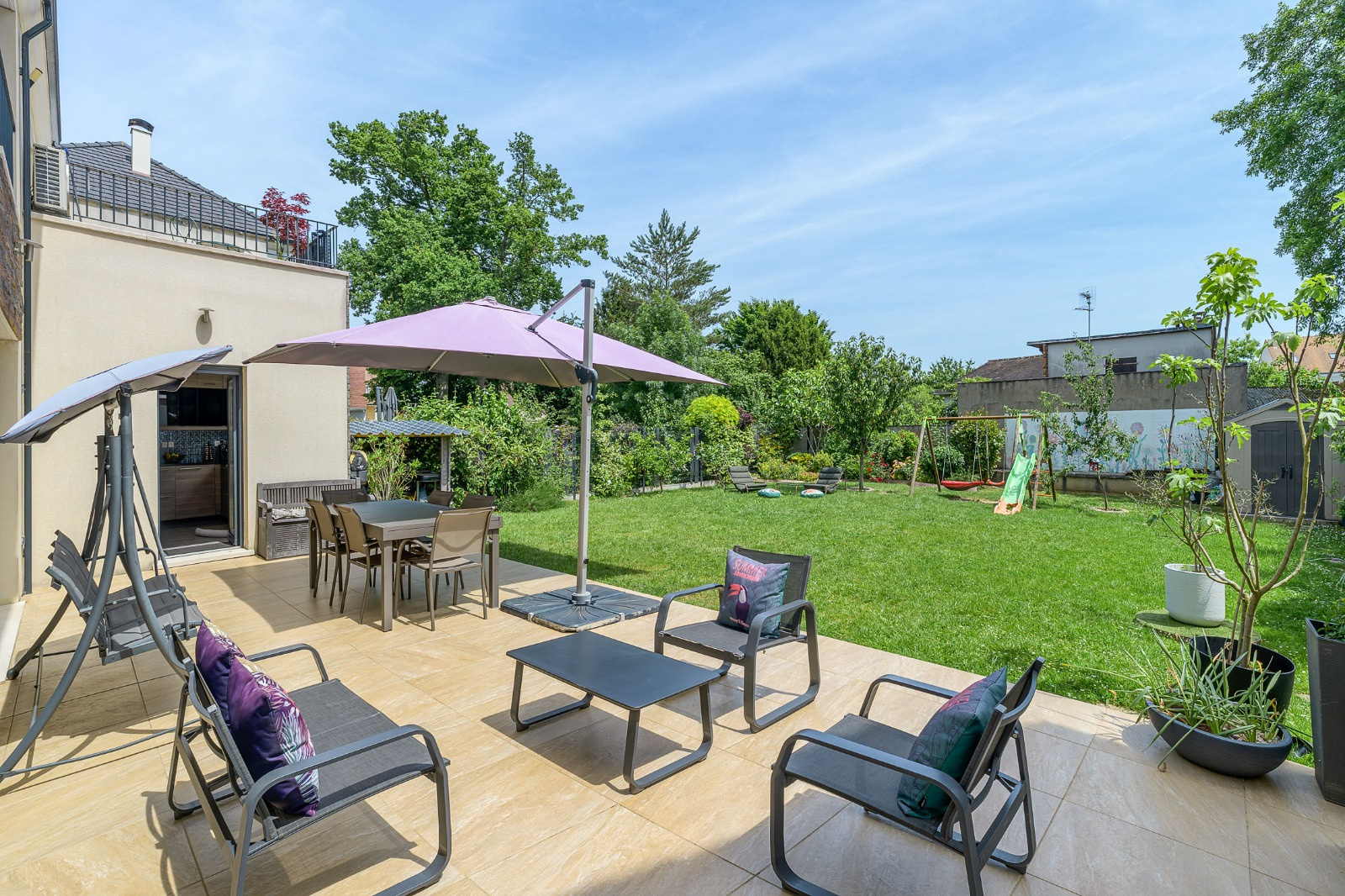 Maison contemporaine de prestige de 189 m2 - Terrain piscinable de 635 m2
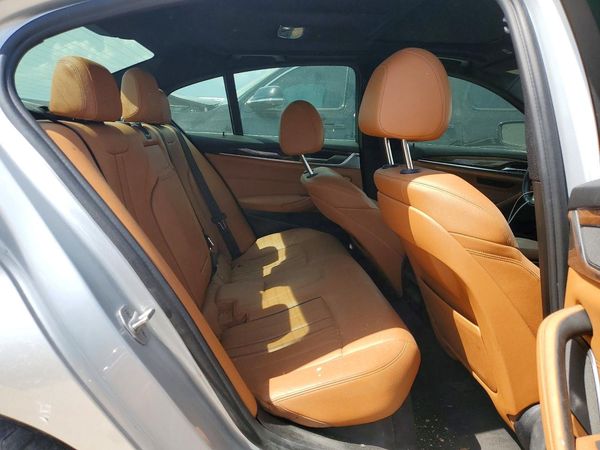 2018 BMW 530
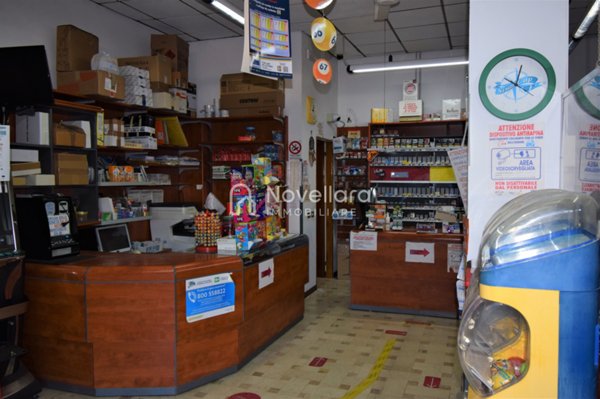 negozio in vendita a Novellara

Goal of the exercise >> The listing should be transcribed in full, exactly, and without its pictures.

Task result >>
 Maison contemporaine de prestige de 189 m2 - Terrain piscinable de 635 m2
 2018 BMW 530
 negozio in vendita a Novellara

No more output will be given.